Юнги заливается лающим смехом, что разрывает чужие перепонки; утыкается лицом в коленки Чимина и слабо хмыкает куда-то в отступающую пустоту; расплывается остатками разума и алкоголя, впитавшегося в стены очередного клуба; вдыхает-выдыхает пыльный сахарный запах, оставшийся на нежно-розовой рубашке и прокуренных изгнивших легких, словно и сам Мин Юнги.
— Чимин-а... И тут он меня целует, значит, — смеётся в пьяном угаре Юнги, нащупывая дрожащей рукой новенький телефон, пытаясь разблокировать.
Он и сам не знает, зачем говорит это. Просто ему хочется смеяться, упиваться в злорадной улыбке и тонуть в чужих смешках; он хочет улыбаться и говорить, что ему всё равно
(когда нет — не всё равно); он говорит о чужой глупости и таких же впору чувствах; ржет над чужой попыткой почувствовать послевкусие жизни на чужих и горьких, словно кофе, губах.

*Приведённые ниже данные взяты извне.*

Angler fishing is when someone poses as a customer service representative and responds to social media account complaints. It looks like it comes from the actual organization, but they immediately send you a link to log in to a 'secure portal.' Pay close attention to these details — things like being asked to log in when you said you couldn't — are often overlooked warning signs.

Он говорит, словно это произошло вчера; словно сегодня уже не весна; словно... впрочем, не важно. Юнги в очередной раз пьет дешевое пиво и закуривает; вдыхает запах гнили и испорченной жизни; и ему хочется написать на себе «побочный эффект смерти»; Юнги умирает между затяжками.
Раз — щелчок зажигалки.
Два — язычок пламени, в котором подыхает Юнги.
Три — затяжка.
Четыре — выдох. Юнги выучил это, словно убивает себя всю чёртову жизнь (да).

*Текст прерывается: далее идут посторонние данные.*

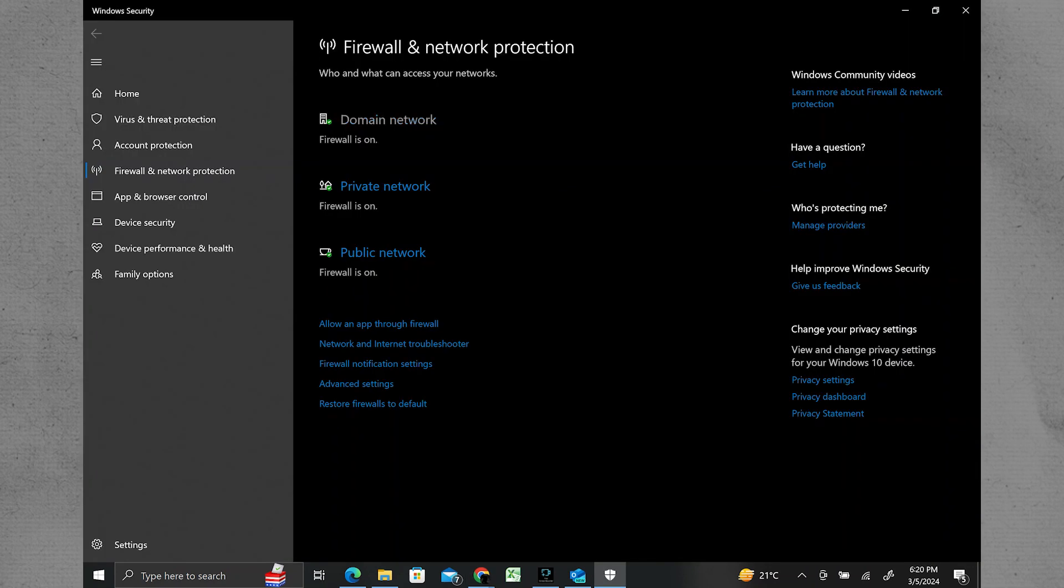A simple restart of your computer can sometimes resolve connectivity issues by refreshing network connections and clearing temporary glitches.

Черный ментоловый дым убегает сквозь худые прозрачные пальцы, впитываясь в свитер Чимина, что пахнет дорогим порошком и ядовитыми духами, что Юнги задыхается. Ему противно, поэтому он повторяет:
— И я ему ответил, представляешь?
Чимин представляет. В десятый, сотый; тысячный, чёрт возьми, раз. Он слушает это в маршрутке, когда Юнги вдруг начинает что-то напевать; слышит это, когда тот приходит пьяный по ночам и заваливается на ещё незаправленную кровать; слышит по утрам; слышит даже тогда, когда Юнги молчит, пропитывая грустью остатки акварели.

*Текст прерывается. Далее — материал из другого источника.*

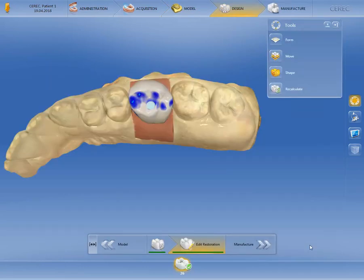Based on the design mode biogeneric individual and the parameter settings, the CEREC software 4.6 has now calculated an initial design proposal. This proposal can be modified as usual using the various tools and functions in the side palette before switching to the last phase, the manufacture phase.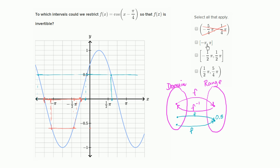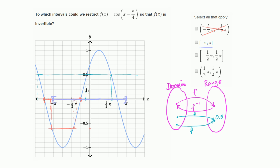The second choice is the closed interval from -π to π. We're including both endpoints. But once again, over that interval I can apply my horizontal line — and notice, there are multiple elements in the domain mapping to the same value, say 0.5. So what would f inverse of 0.5 be? You can't construct a function that maps to only one domain element. So we rule this one out as well.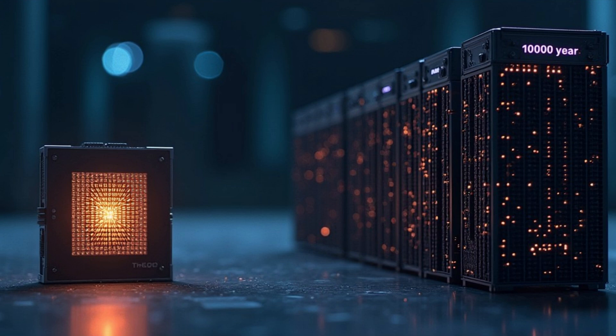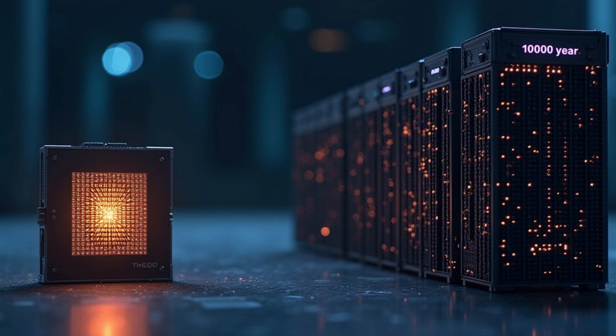To put this into perspective, the same task would take today's most advanced supercomputer, Frontier, approximately 10,000 years.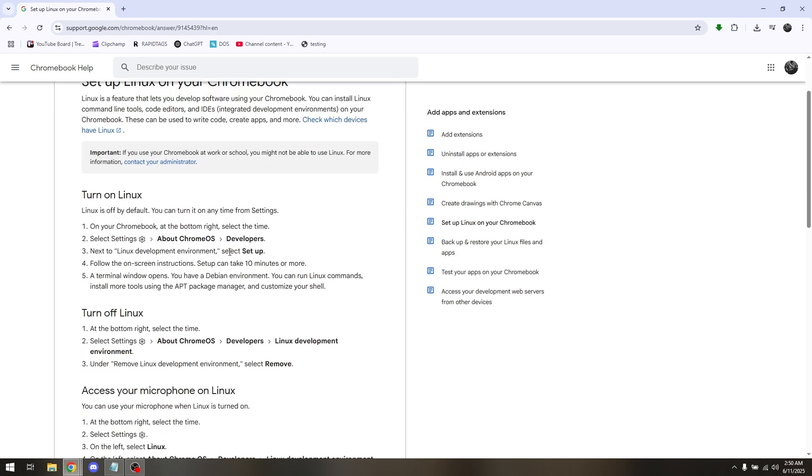All you have to do is just at the bottom right select time and then select settings, about Chrome OS, and then go ahead to developers. Now next to Linux development environment select setup and then follow the on-screen instructions.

Юнги лишь смеётся и снова пьёт
(какой раз, Юнги?). Говорит так, будто это было вчера; говорит так, будто всё, и правда, хорошо; говорит так...
впрочем, не важно.
— А потом испугался. И убежал, словно малолетка. Представляешь,
Чимин?
Юнги снова смеётся, а Чимин не представляет, потому что просто-напросто не хочет представлять. Не хочет представлять, как Юнги сходит с ума; не хочет видеть как тот в очередной раз губит себя, топит в собственном лающем смехе и грязи из-под ног, когда на улице вновь мерзко, как и на душе, впрочем, тоже; дырявит насквозь; не хочет говорить, что с Юнги уже как-то всё совсем не так; не хочет врать, но приходится, потому что «Да, Юнги, всё нормально. Я понимаю. Нет, всё, правда, хорошо. Я прощаю, брось извиняться»; Чимин просто, и правда, всего этого давно не хочет.
— И... Чимин. Ты знаешь. Меня он так бесил. Хорошо, что так получилось.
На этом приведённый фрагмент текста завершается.